KAFKA-15627: KIP-951's Leader discovery optimisations on the client #14564

msn-tldr · 2023-10-17T17:32:35Z

NOTE - This PR has since been moved here, as it got auto-closed with github workflows as explained in this comment.

This implements the leader discovery optimisations for the client on KIP-951.

Optimisation1: On discovering a new leader, produce-batch should skip any retry-backoff. This was implemented in KAFKA-15415
Optimisation2: FetchResponse/ProduceResponse would return new leader info. This information is then used to update the Metadata cached.

This PR focuses on optimisation2 from above. Additionally it fixes a bug that got introduced to MetadataCache.java, details inline in a comment.

IGNORE files - *.json, FetchResponse.java & ProduceResponse.java, they will be removed from this PR once #14627 is merged.

Committer Checklist (excluded from commit message)

Verify design and implementation
Verify test coverage and CI build status
Verify documentation (including upgrade notes)

msn-tldr · 2023-10-17T17:34:20Z

clients/src/main/java/org/apache/kafka/clients/MetadataCache.java

@@ -150,7 +150,7 @@ MetadataCache mergeWith(String newClusterId,
        // We want the most recent topic ID. We start with the previous ID stored for retained topics and then
        // update with newest information from the MetadataResponse. We always take the latest state, removing existing
        // topic IDs if the latest state contains the topic name but not a topic ID.
-        Map<String, Uuid> newTopicIds = topicIds.entrySet().stream()
+        Map<String, Uuid> newTopicIds = this.topicIds.entrySet().stream()


this was a bug, now has a test in MetadataCachTest.java

😱 What was the issue?

Net effect of the bug was that in the merged cache, the IDs of retained topics(from pre-existing metadata) would be lost in the newly built cache(via merging).

As the current comment explains the intention of the code is to get merged list of topic-ids.

We start with the previous ID stored for retained topics and then update with newest information from the MetadataResponse.

This should be done by initialising the merged list of topic-ids with retained topic(this.topicIds). And then updating with newest information(topicIds). But the code uses topicIds even to get retained topic-ids. The bug got introduced inadvertently here, due to same-named variables at object Vs method scope. Now it has a test to catch regressions in behaviour.

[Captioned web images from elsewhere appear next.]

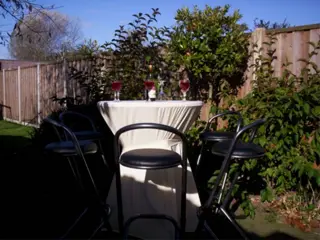 Banken party hellendoorn bierbanken tafel stoelen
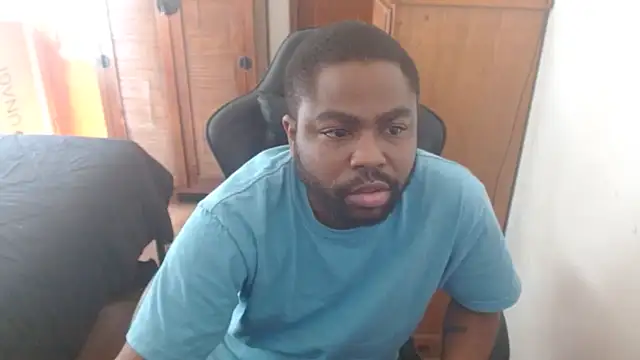 Snapshot of Breadwinnah chatting on September 2025 05:36:01 PM Breadwinnah online show from September 2025 05:36:01 PM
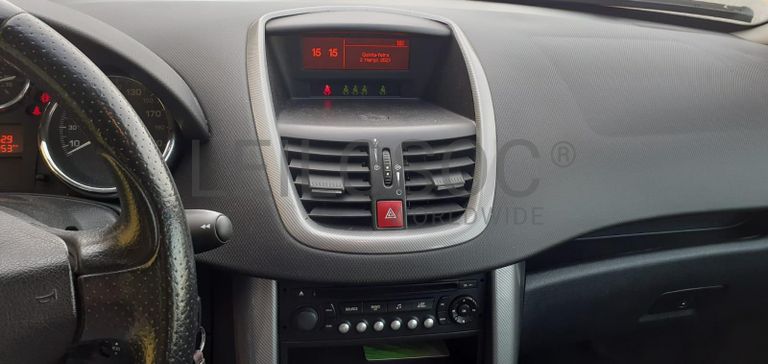 Peugeot 207 1.4 16v · Ano 2007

I would rename the argument currently called topicIds too, just to try to prevent a similar bug being re-introduced by accident.

msn-tldr · 2023-10-17T17:34:35Z

clients/src/test/java/org/apache/kafka/clients/MetadataCacheTest.java

@@ -83,4 +84,69 @@ public void testMissingLeaderEndpoint() {
        assertEquals(nodesById.get(7), replicas.get(7));
    }

+    @Test
+    public void testMergeWithThatPreExistingPartitionIsRetainedPostMerge() {


test for bug fixed in MetadataCache

clients/src/main/java/org/apache/kafka/clients/producer/internals/Sender.java

clients/src/main/java/org/apache/kafka/clients/consumer/internals/AbstractFetch.java

clients/src/main/java/org/apache/kafka/clients/Metadata.java

kirktrue

Thanks for the pull request, @msn-tldr!

I didn't anything too egregious, but a handful of changes I'd like to see. A good number of them are subjective, so feel free to ignore 😄

clients/src/main/java/org/apache/kafka/clients/Metadata.java

kirktrue · 2023-10-18T19:59:54Z

clients/src/main/java/org/apache/kafka/clients/Metadata.java

+        for (Entry partitionLeader: partitionLeaders.entrySet()) {
+            TopicPartition partition = (TopicPartition) partitionLeader.getKey();
+            Metadata.LeaderAndEpoch currentLeader = currentLeader(partition);
+            Metadata.LeaderIdAndEpoch newLeader = (LeaderIdAndEpoch) partitionLeader.getValue();
+            if (!newLeader.epoch.isPresent() || !newLeader.leaderId.isPresent()) {
+                log.trace("For {}, incoming leader information is incomplete {}", partition, newLeader);
+                continue;
+            }
+            if (currentLeader.epoch.isPresent() && newLeader.epoch.get() <= currentLeader.epoch.get()) {
+                log.trace("For {}, incoming leader({}) is not-newer than the one in the existing metadata {}, so ignoring.", partition, newLeader, currentLeader);
+                continue;
+            }
+            if (!newNodes.containsKey(newLeader.leaderId.get())) {
+                log.trace("For {}, incoming leader({}), the corresponding node information for node-id {} is missing, so ignoring.", partition, newLeader, newLeader.leaderId.get());
+                continue;
+            }
+            if (!this.cache.partitionMetadata(partition).isPresent()) {
+                log.trace("For {}, incoming leader({}), no longer has cached metadata so ignoring.", partition, newLeader);
+                continue;
+            }


All of these checks are to handle cases where the incoming leader information is not usable, right? I'm wondering—and this is a stylistic choice—if it makes sense to throw these into a separate method shouldUpdatePartitionLeader(. . .)? Might make it more easily accessible for a dedicated unit test, too.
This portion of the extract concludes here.